In a lecture I heard some years ago, a philosopher asserted that science tries to answer the question ‘how’, while philosophy tries to answer the question ‘why’. In looking at the corpus of work produced by academics and practitioners on finance, it seems to me that most, if not all, are trying to answer the ’how’ question, but almost none attempt to answer the ‘why’ question. I think this is because finance as a discipline sees itself as an extension of economics; and economics, since the nineteenth century work of French economists such as Walras1 and later of Marshall2 , has been seen in essence as a science, and therefore this preoccupation with the ‘how’ question is a result of a spillover of that assumption.
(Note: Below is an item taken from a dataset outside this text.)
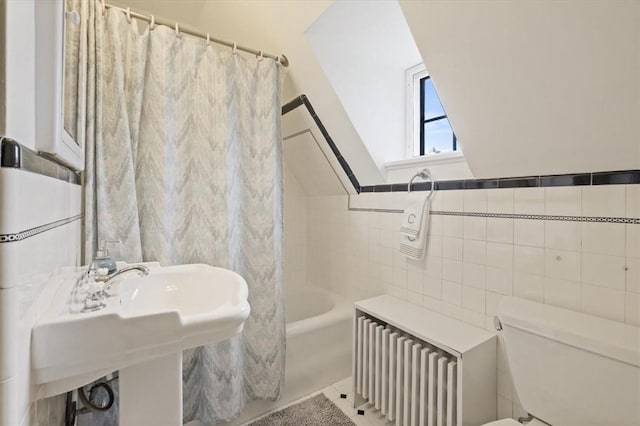 bathroom with radiator heating unit, tile patterned floors, tile walls, toilet, and shower / tub combo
Scientists, of course, would find the idea of a science that relies on the concept of ‘externalities’ and an attempted aggregation of individuals’ often disparate behaviours and mood shifts to explain why the laws postulated by this science do not seem to work dynamically or universally, somewhat baffling. In his book The Origin of Wealth, Eric Beinhocker relates a meeting between economists and scientists in the mid 1990’s in Santa Fe. What the scientists found most fascinating was how economists took a snapshot of science in the late nineteenth century, applied it to their discipline, then evolved this discipline with scant regards to the huge advances made in science thereafter. Economics as a discipline has therefore developed within the confines of how science saw the world at that point in time, while science moved on. Thus, economists still talk of ’equilibrium’ – in 1880 all the rage in physics – while scientists today talk of entropy, for example. Perhaps there is also still a misreading of Adam Smith where many students of economics read The Wealth of Nations, but pay less attention to his The Theory of Moral Sentiments which contextualises it, and so fail to place Smith within the context of the moral philosophy of the eighteenth century that believed in the rationality of humans.
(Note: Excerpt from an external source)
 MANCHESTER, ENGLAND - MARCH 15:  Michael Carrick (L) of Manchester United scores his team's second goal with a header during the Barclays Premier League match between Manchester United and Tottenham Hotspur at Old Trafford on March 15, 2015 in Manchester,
The object of this article is not to enter this debate. In the interest of common sense, and because how we perceive economics has a direct bearing on how we perceive financial theory, I would point out that we are all perfectly comfortable in boarding a metal tube with wings to fly because we are confident that outside the context of quantum mechanics, the laws of Newtonian physics, will always apply in the same way and are never affected by ’externalities’. However, I would venture that no one would do the same if the laws affecting flight were as ill-fitting, and with the constantly-shifting outcomes, as the laws of economics. Common sense, therefore, tells us the laws of physics are constant, observable and universal, and observation tells us the ’laws’ of economics are not. To my mind this argues that we should stop treating economics, and indeed financial theory, as a science and go back to treating it as part of political philosophy. Perhaps by re-examining the ideas of the nineteenth century economist Bastiat’s notion of the ’full picture’3 , we begin to make sense of the failures seen in the financial markets in the context of what we can observe today.